Awesome book - but with the usual McNeil hyperbolas sometimes. Anyway - it has an interesting dialog between 

Emperor 
 and 

Malcador 
 . which begs many questions, because it is the same Outcast dead inconsistency again.

Any thoughts from you, who read the book, would be much appreciated. Thank you




Emperor speaking with Malcador, after Malcador had spoken to Russ. Well he tells: *'Leman Russ is on Terra ...... He brings word of the Lion. Twenty thousand Dark Angels are reportedly bound for Ultramar' ......... unsettling rumours of what is happening in Guilliman's domain' 
* :shok::scare::crazy:

Soooo, from this i could conclude - that this all happened before Unremembered empire. But - how could this be? Because, Lion never mentioned that he saved Russ and that he fought an AL fleet - and such a big engagement he can't simply 'forget' to mention to Guilliman! That's a strategy 

And it was mentioned that they went to 500 worlds after Thramas, and not to Alaxxes.

Again from page 133: *'But Caliban's angels came to the Wolves' aid when Alpharius threatened to destroy them'. *- that's definitely means that this happened after 'Scars' before 'Unremembered Empire' and before Russ get to Terra, which is what? When, omg how?

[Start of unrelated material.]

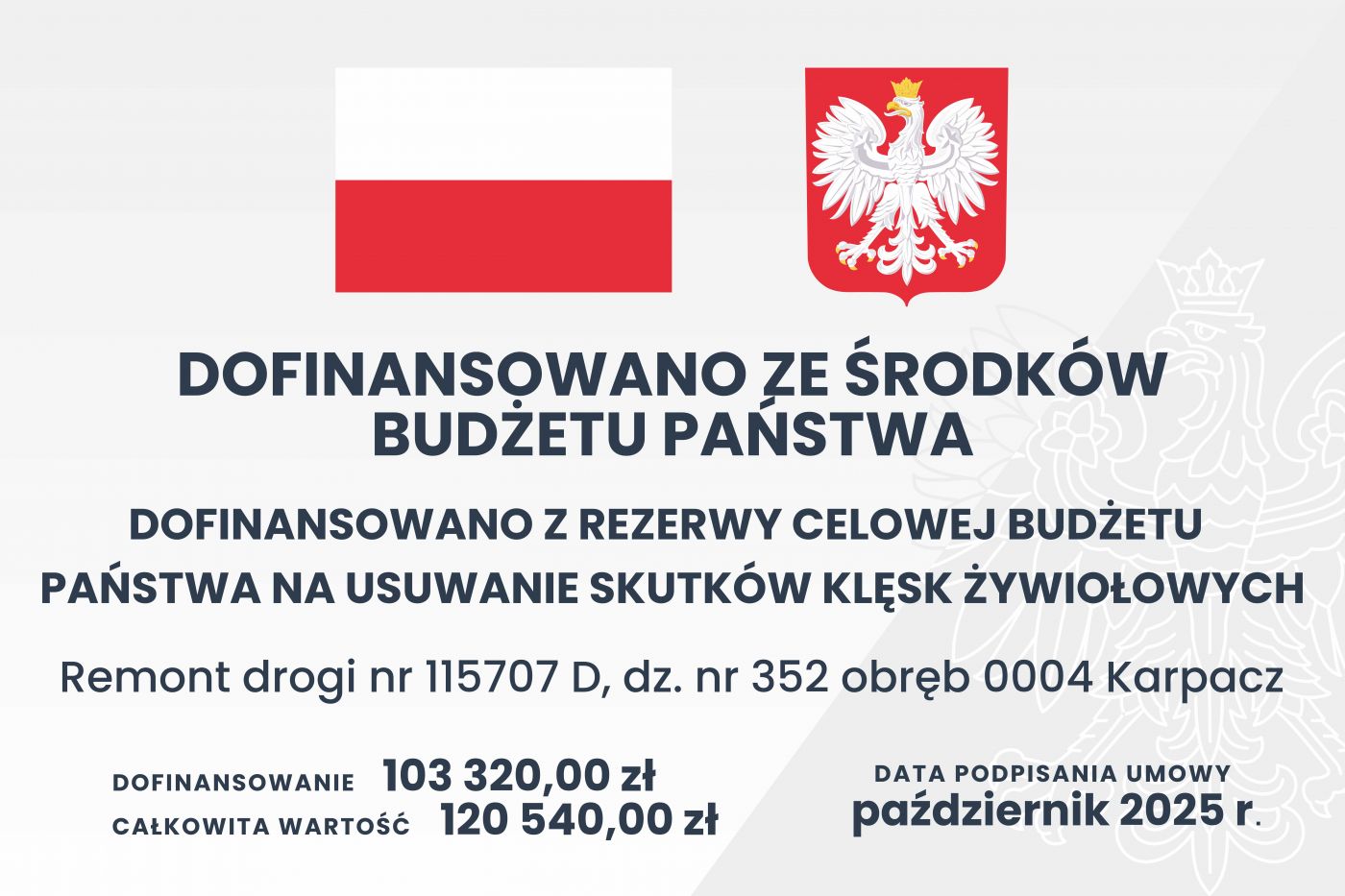 Remont ul. Żeromskiego – dofinansowanie 103 320,00 zł Remont ul. Żeromskiego – dofinansowanie 103 320,00 zł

*Does this means that event's of Unremembered empire happened earlier when battle for Alaxxes or vise versa, or at the same time. When how DA and Lion could be at both places at the same time?*
Omg, i'm sooo confused.

Russ should not be on Terra. Accordingly to lore he wasn't on Terra after HH has started and Horus mortally wounded the Emperor in the end. It is :shok: - well unconsistent.


----------



## navynerd1453 (Nov 4, 2013)

how does it compare to the other HH books? How was the Knights handeled? Thanks!


----------



## Lord of the Night (Nov 18, 2009)

http://www.talkwargaming.com/2014/03/black-library-advance-review-horus.html

My advance review for VS.


Lots of awesome stuff happened in VS, plenty of WHAM! moments and one of the most awesome confrontations in the series yet has finally happened;



Loken vs Horus.

At long last Loken comes face to face with Horus. I was surprised as hell that Horus wanted Loken back and for a moment I actually thought Loken would do it, that he would sell out the other Knights Errant and rejoin the Sons of Horus. I punched the air when he told Horus no and attacked Aximand. Absolutely awesome fight as well, Loken vs Aximand, Varren and Rubio vs Abaddon and Falkus Kibre, Severian and Bror Tyrfingr vs Tormageddon and Grael Noctua, and Qruze the other Knights battling the _Luperci_.

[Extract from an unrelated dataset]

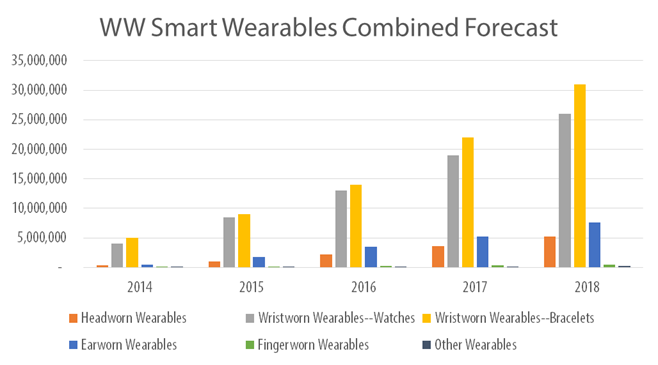 Wearables Forecast Chart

Qruze demolishing four, count it four, Possessed Marines on his own without taking a single hit and all the while schooling them on how sloppy their combat skills are, is one of the most awesome moments in the Heresy. Terribly sad when Horus killed him, the Half-Heard is heard no more. But his final moments were his best moments.

Severian's battle with Tormageddon and Bror biting out the Brother of the Wolf's throat was another awesome moment, and very appropos. Space Wolf beats Luna Wolf. And Severian killing Noctua was funny as well as cool,

Noctua: I've always hated you Severian, even before ascension.
Severian: I never cared about you enough to hate.

And Severian winning by flicking blood in Noctua's eyes and then stabbing his last heart was a great way to end the fight. Cthonia does teach it's sons well.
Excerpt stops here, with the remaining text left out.